=== RAW DATA ===
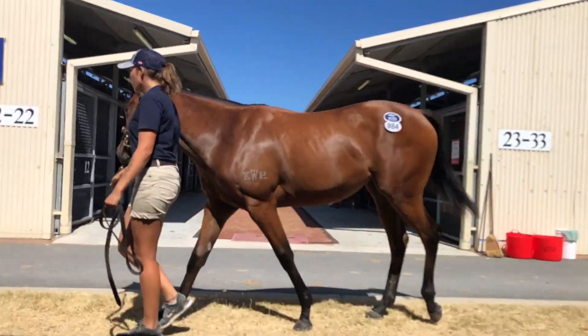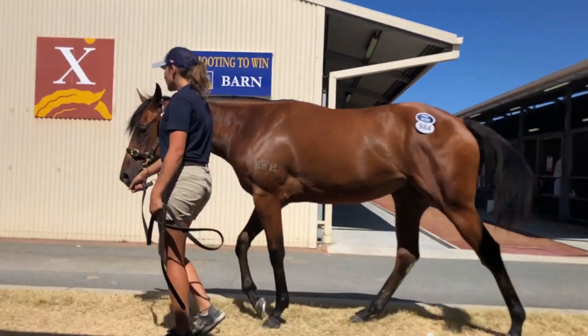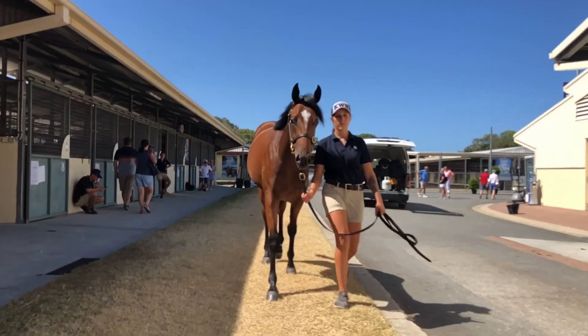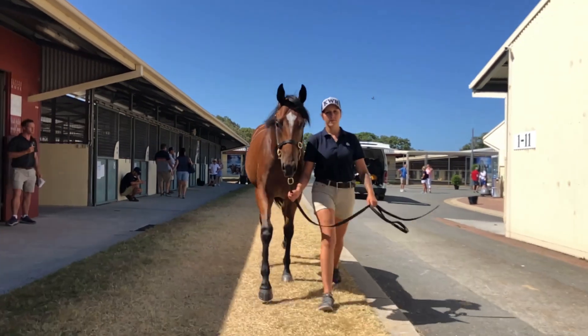She's very low to the ground but she'll be able to run early with a good walk on her. Very relaxed and balanced filly when she gets into the stride. Looks to me like she'll get up and run early and I'm sure we'll have a lot of fun with her.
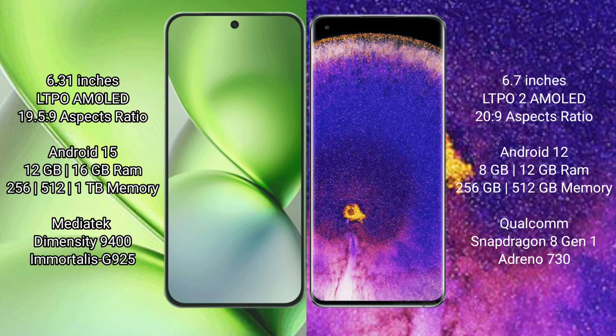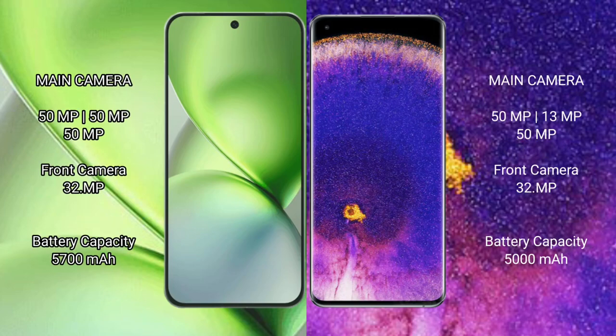FIBO X200 Pro Mini is powered by the Dimensity 9400 processor with Mali-G925 GPU. OPPO Find X5 Pro comes with 8GB and 12GB RAM, 256GB and 512GB internal storage, powered by the Qualcomm Snapdragon 8 Gen 1 processor with Adreno 730 GPU. FIBO X200 Pro Mini features a triple camera setup with three 50MP sensors.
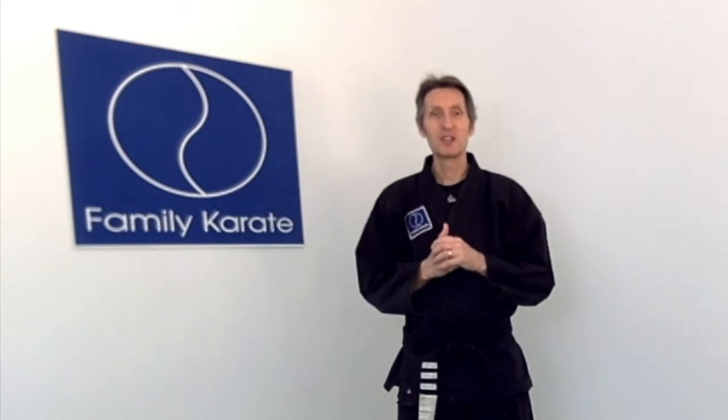For your next belt, we're going to work on seven skills. Most of you are already really good at these, but we'll go through each of the seven of them in order so that you can practice them from this lesson.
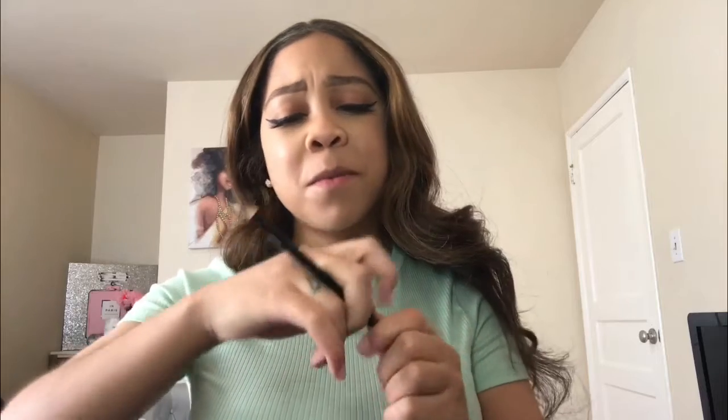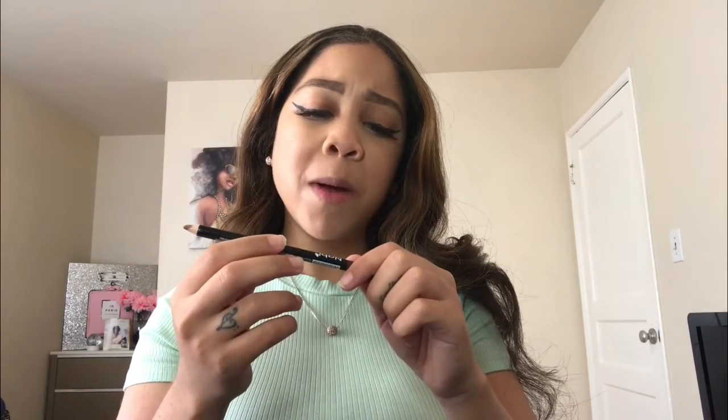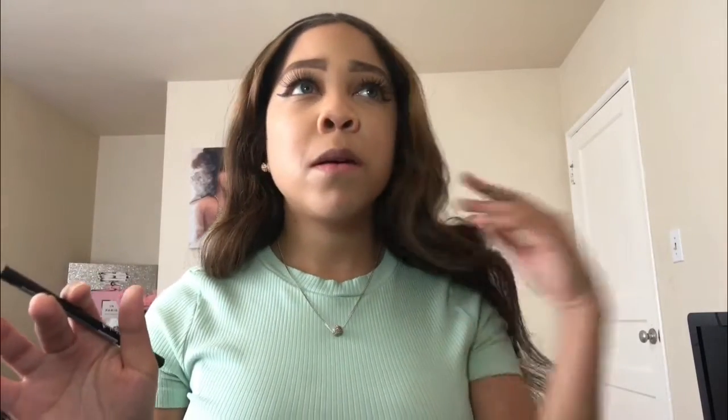Now it's time for lips. I'm going to line my lips with my lip liner. I got this from the beauty supply — it's a Nabi eyeliner pencil in brown. I love eyeliner pencils because I feel like they have the best browns. Besides the regular lip liner browns, the eyeliner browns are bomb.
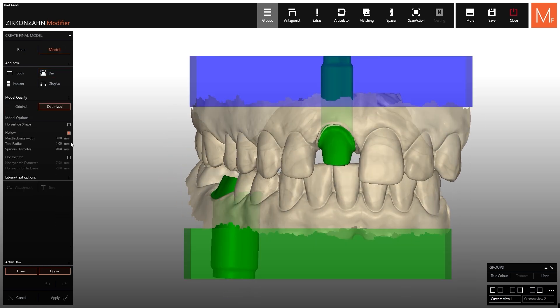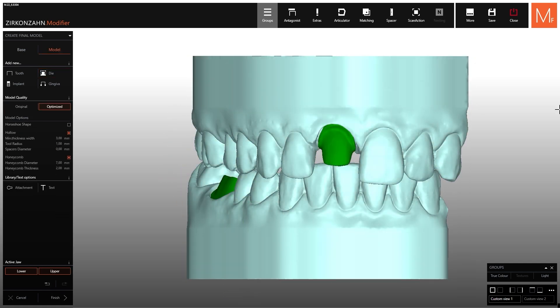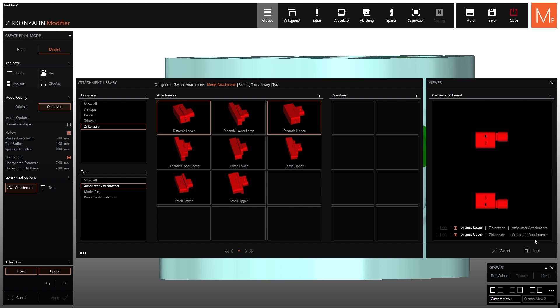Once you have created the models in the Model Maker module of the Zirconzon modifier software, you can proceed with the printing.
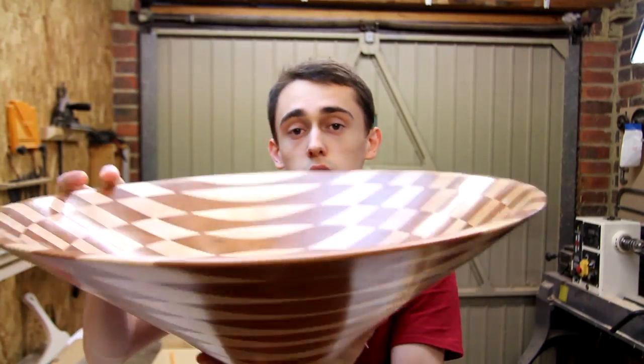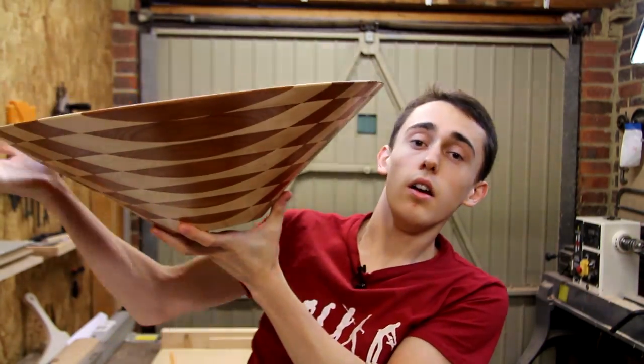A lot of you asked what the angle was that I cut the rings at, and to be honest I couldn't tell you exactly, but if I had to guess it was about 55 degrees. I actually stuck a secondary table onto the bandsaw so that with the table tilted to its maximum 45 degrees I could just get a little bit of an extra angle, and that sort of flattened out the bowl a little bit. If I'd used just the 45 degrees the sides would have been a bit steeper. So when I was cutting the concentric rings I did them all at the same angle, and that meant that the sides were quite straight when I'd finished turning.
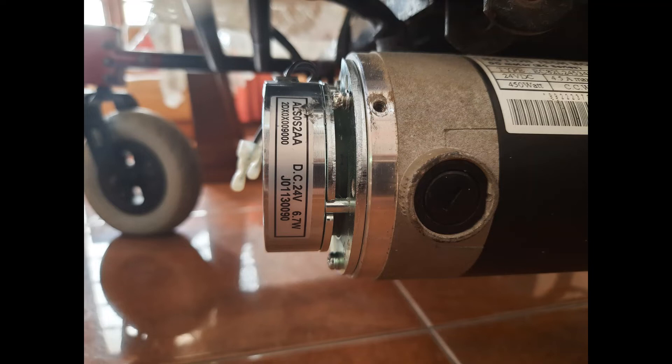This is the outer view of the brake unit. When the motor is running, the cover plate is pressed against the brake unit, and when the power is removed it is released with the spring force while making a metallic click sound.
===
ACTIVITY
For this exercise, write the listing out again exactly, excluding all images.

ANSWER SPACE
She's very low to the ground but she'll be able to run early with a good walk on her. Very relaxed and balanced filly when she gets into the stride. Looks to me like she'll get up and run early and I'm sure we'll have a lot of fun with her.
FIBO X200 Pro Mini is powered by the Dimensity 9400 processor with Mali-G925 GPU. OPPO Find X5 Pro comes with 8GB and 12GB RAM, 256GB and 512GB internal storage, powered by the Qualcomm Snapdragon 8 Gen 1 processor with Adreno 730 GPU. FIBO X200 Pro Mini features a triple camera setup with three 50MP sensors.
For your next belt, we're going to work on seven skills. Most of you are already really good at these, but we'll go through each of the seven of them in order so that you can practice them from this lesson.
Now it's time for lips. I'm going to line my lips with my lip liner. I got this from the beauty supply — it's a Nabi eyeliner pencil in brown. I love eyeliner pencils because I feel like they have the best browns. Besides the regular lip liner browns, the eyeliner browns are bomb.
Once you have created the models in the Model Maker module of the Zirconzon modifier software, you can proceed with the printing.
A lot of you asked what the angle was that I cut the rings at, and to be honest I couldn't tell you exactly, but if I had to guess it was about 55 degrees. I actually stuck a secondary table onto the bandsaw so that with the table tilted to its maximum 45 degrees I could just get a little bit of an extra angle, and that sort of flattened out the bowl a little bit. If I'd used just the 45 degrees the sides would have been a bit steeper. So when I was cutting the concentric rings I did them all at the same angle, and that meant that the sides were quite straight when I'd finished turning.
This is the outer view of the brake unit. When the motor is running, the cover plate is pressed against the brake unit, and when the power is removed it is released with the spring force while making a metallic click sound.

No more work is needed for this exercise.